How to Use dplyr in R: Data Manipulation Examples

Learn data manipulation in R using dplyr! Step-by-step tutorial with practical examples for effective data analysis. Boost your skills today!

Key points:

  • Dplyr is a package that provides a grammar of data manipulation in R, consisting of verbs that help you perform everyday data manipulation tasks.
  • You can use dplyr to count values that meet certain conditions, find descriptive statistics, apply functions to each data frame row, and join two tables.
  • You can install and load dplyr with install.packages("dplyr") and library(dplyr).
  • You can chain multiple dplyr functions using the pipe operator %>%, which reads as "then".

How to Use dplyr in R: A Tutorial on Data Manipulation with Examples

Hi, I'm Zubair Goraya, a data analyst and a writer for Data Analysis, a website that offers tutorials on Rstudio. In this article, I will show you how to use dplyr, a powerful package for data manipulation in R. 

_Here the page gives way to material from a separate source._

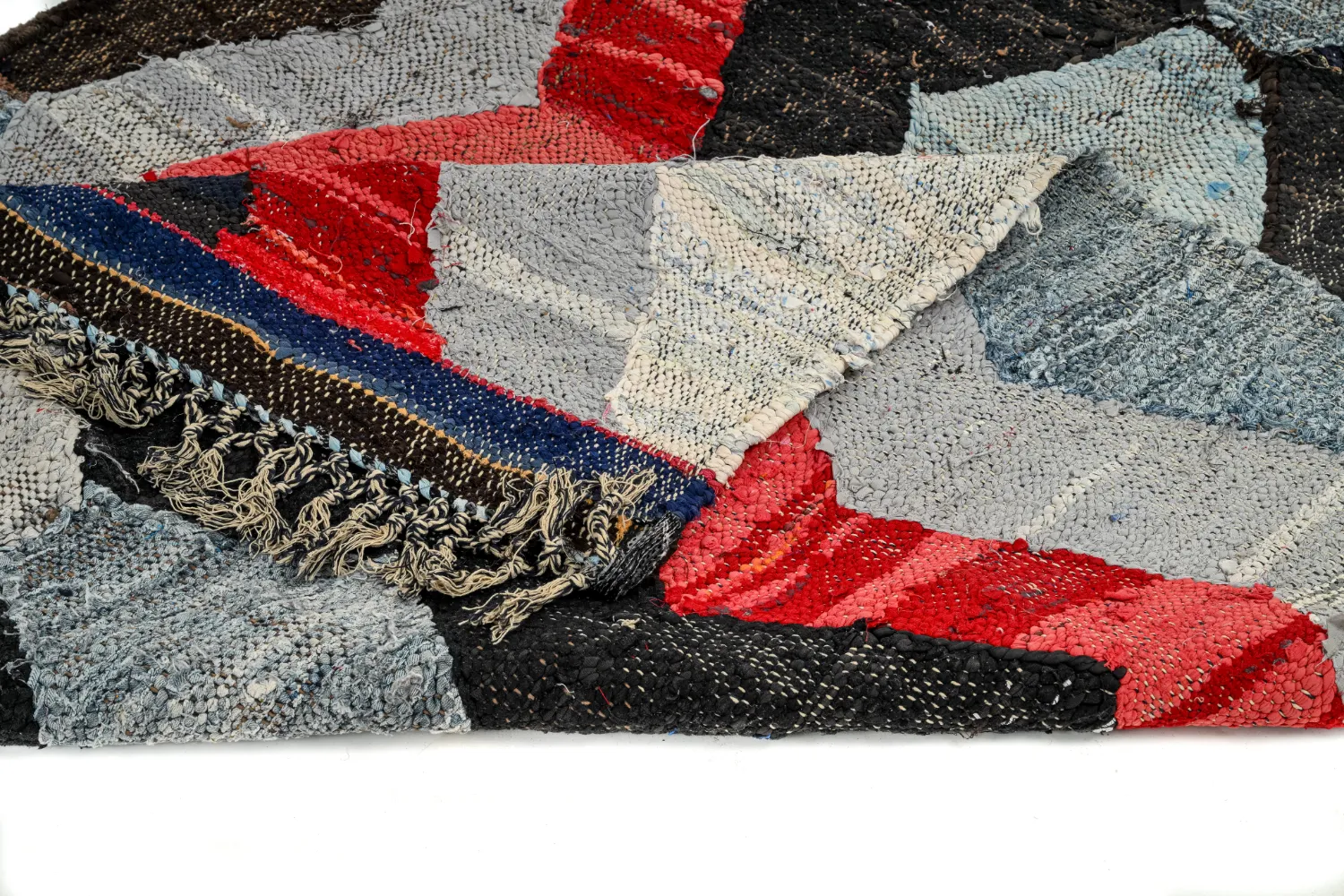 Marokkaanse Berber tapijt Boucherouite 135 x 225 cm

You will learn to count values that meet certain conditions, find descriptive statistics, and apply functions to each data frame row. You will also learn how to install and load dplyr and its main features and benefits.

R Data Manipulation with dplyr: A Hands-On Guide

Dplyr is a package that provides a grammar of data manipulation, consisting of verbs that help you perform everyday data manipulation tasks. These functions are:

  • filter(): selects rows based on their values.
  • slice(): selects rows based on their position.
  • arrange(): changes the order of the rows.
  • select(): chooses columns based on their names.
  • rename(): changes the names of columns.
  • mutate(): modifies the values of columns and creates new ones.
  • relocate(): changes the order of the columns.
  • summarise(): reduces multiple values to a single summary.
  • group_by(): groups rows by one or more variables.
  • Dplyr also provides several functions for joining two tables, such as inner_join(), left_join(), right_join(), and full_join().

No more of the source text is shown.